Passion for DAM, Growth Potential in Metadata and the New Chemistry of Data
An Interview with NueMeta founder Nick Sincaglia
By Charlotta Hedman | April 12, 2012
NueMeta is a technical development and service provider that helps media & entertainment companies design and develop digital asset management and royalty reporting systems which embrace global metadata and messaging standards.
Q: How and why did you set up NueMeta?
A: I started NueMeta in early 2007 after working in the digital media & entertainment industry for almost a decade. The company grew out of my experiences working in the early days of the online music business where I designed and managed large-scale digital asset management systems for companies like Rhapsody and AOL. Managing digital collections of images, sound recordings and videos numbering in the millions, requires a unique set of skills and knowledge, which I realized few others had. We further recognized that most companies would eventually need to address the challenges associated with a growing number of digital assets they use on a day-to-day basis in their business. We see the field of digital asset and metadata management as still being in its infancy with enormous potential for growth.
Q: Why is it important for media and entertainment companies to embrace global metadata standards?
A: Media and entertainment companies must embrace metadata standards for one simple reason, because the economics of a vibrant and diverse digital marketplace simply cannot support itself otherwise. In order to provide consumers the media and the entertainment experiences they want, and at the same time, respect rights of the owners and ensure they are properly compensated, we need fast, efficient and unambiguous business communications with many different business partners. Metadata standards are the key to achieving this. The digital marketplace is a high volume, low margin business, in terms of transactions. The industry needs to minimize or eliminate as many costs from their business communications as they can, to come close to achieving the balance they seek between the consumer and the creator.
Q: Would you say the entertainment and music industries understand the importance of using metadata?
A: The truth is, the majority of the industry does not fully appreciate the importance and value of metadata. However, in the last few years, I have seen this start to change. We have been working with a number of companies that do "get it". They recognize that their lifeblood is their digital assets and their competitive edge can derive from the metadata they use to manage them.
Q: What has been the most challenging with setting up NueMeta?
A: Running any type of business is extremely challenging. Running a business in an industry, which has been going through the type of seismic shifts that have occurred in the media and entertainment industry, is especially challenging. However, we do what we do because of our passion for this industry. I want to continue to be a part of changing the industry for the better. Helping consumers get the media experiences they want and helping those who helped create, distribute and delivered the media, to be fairly compensated.
Q: What has been the most rewarding?
A: The most rewarding aspect of NueMeta for me has been getting to know all the amazing and talented people I have worked with or done business with over the years. Our clients span the globe, so we have our team strategically placed across all major media hubs in the US and Europe. This has forced us to become accustomed to working in distributed teams.

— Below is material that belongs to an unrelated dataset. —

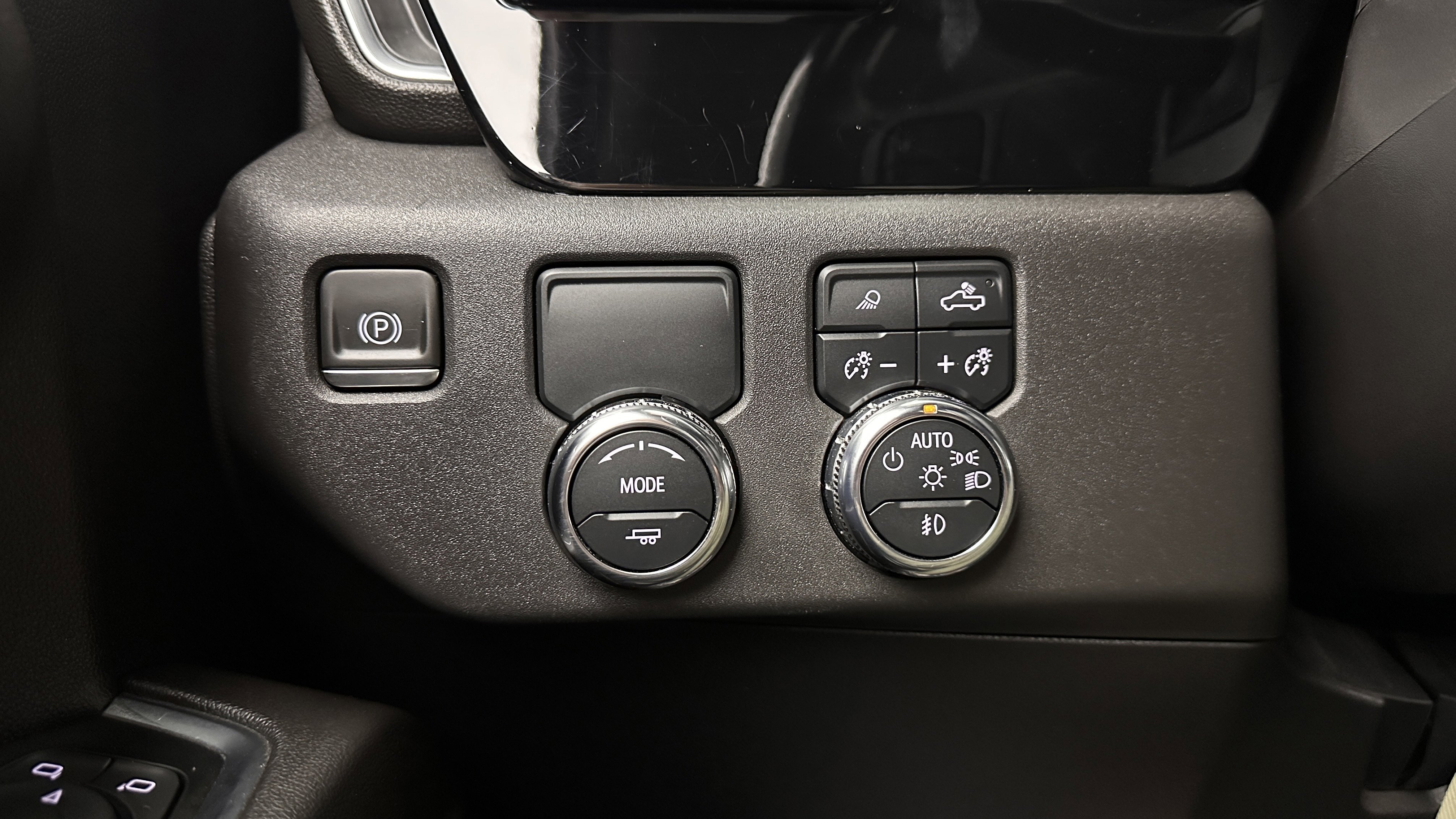 Used 2022 GMC Sierra 1500 SLT RWD image 17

I value the unique perspectives they bring, the insights they have on the business and the industry as a whole and everything they have taught me along the way.

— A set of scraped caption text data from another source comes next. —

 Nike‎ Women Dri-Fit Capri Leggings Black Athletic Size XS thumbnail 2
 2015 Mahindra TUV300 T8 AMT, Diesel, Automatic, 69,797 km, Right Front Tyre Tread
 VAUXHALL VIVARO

Q: Where do you want to go next?
A: I have a long-term vision for NueMeta, which we are executing now, and will continue to execute for some time. The field of digital asset and metadata management is still in its early stages. I see enormous growth potential in this field. I am particularly excited about bringing the native XML architectures we use at the core of our software platform to a much broader market. Our approach to metadata management has significant benefits to businesses that deal with large volumes of XML data. This software architecture enables rapid development and greater maintainability, which enables us to keep our costs down. When these systems are combined with cloud computing, we are able to put powerful data management tools in the hands of small and mid-sized companies. In addition, we have just recently have partnered with MarkLogic and we plan to expand that relationship to bring high performance and "big data" solutions to our larger clients.
Q: Do you think data is the new oil? If so why/why not?

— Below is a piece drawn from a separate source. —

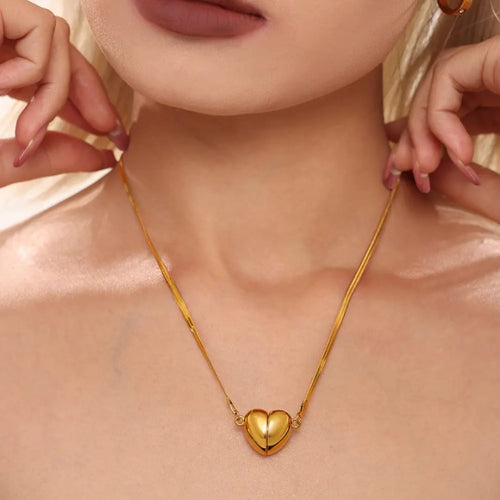 Golden Heart Magnet Necklace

A: To be honest, the comparison between data and oil is flawed in my opinion. I think the comparison is trying to suggest that data is this new untapped resource that will drive the economy and make those who control it, incredibly wealthy and powerful.
Let me suggest a different comparison. Data is the new chemistry. Data is all around us. We can collect it, characterize it and mix it with other data. Under certain circumstances, this work will result in new and unexpected breakthroughs. The field of big data is still very young and we have much to learn. But we all recognize it has enormous potential.